Wednesday's Review: The Old Witches Home by Avian Swansong
July 3, 2024
The summer festival is practically on top of the witches in Upstate New York and everything that could go wrong does. But this festival is not just a party. This is their major fundraising event and do they have expenses!! Repairs, lawyers, challenges to their ownership of the land. There is dissension among them. Beyond disagreeable, why are so many witches acting delusional? People in leadership and those who provide muscle are dropping like flies. And then it rains. Something is happening and it isn’t good.
If there was a refrain for this book it would be Birdie saying “I’ll take care of it.” Hey Birdie! You can’t do everything yourself. You aren’t 35 anymore. None of them are. But it is hard to let go so Maple and the others can do their jobs. What if they screw up?
Have you ever wondered what it will be like when you are old, maybe broke, likely hurting in your joints, maybe sick? As the Billy Joel songs asks, “Who’s gonna love you when your looks are gone?” Do you have a plan? Is living with your kids or brother a good idea? Can you create financial security against the inevitable? Will you be alone? What do you think about assisted living or senior citizen housing?

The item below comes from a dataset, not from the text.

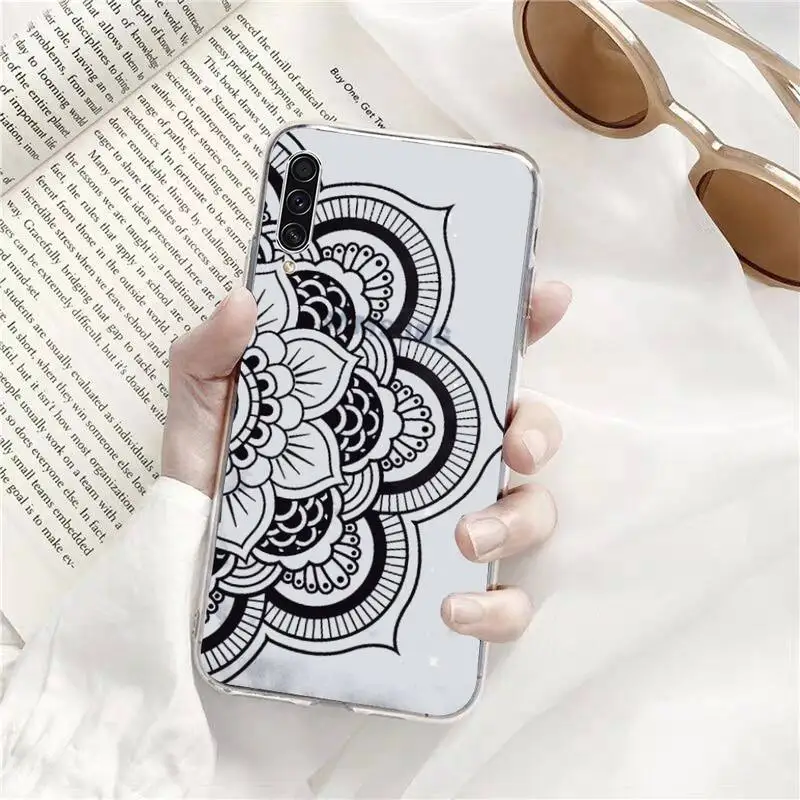 

Mandala Lace Flower Phone Case Transparent for Samsung A71 S9 10 20 HUAWEI p30 40 honor 10i 8x xiaomi note 8 Pro 10t 11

The old witches in this book didn’t like any of those options. Instead, they think they have a solution. They inherited some land, built a senior citizen’s commune of pagans, and committed to running it by the communal values of another age. Everybody works together for the common good and decisions are unanimous. Except there are two men from a norse pagan background that is sexist and likely racist. Consensus is hard to come by. It works out because magic works. Because there is love. Because Birdie just keeps insisting.
Having been part of a large group that ran fundraisers like this, I can relate. We were much younger than these people and it still wore us out. We didn’t have all these complications, thank the Goddess. And we couldn’t hold it together. I loved this book. It was a walk down memory lane in many ways. Most algorithms might call it speculative fiction because of the magic. I’m going to laugh at that. The willing suspension of disbelief encourages the reader to agree with the doctor when he says about their magic “I don’t know. They certainly didn’t have a course on magic in med school.” You don’t need a college course. Magic is everywhere if you but look.
The Old Witches Home gives us all a thought or two about what to do instead of trusting to dumb luck. It also is a cautionary tale about the sort of people, both friends and enemies, who block our best ideas. We need to anticipate them. Keeping our wits about us is essential. Watching a bunch of old witches deal with them is fascinating. Highly recommended.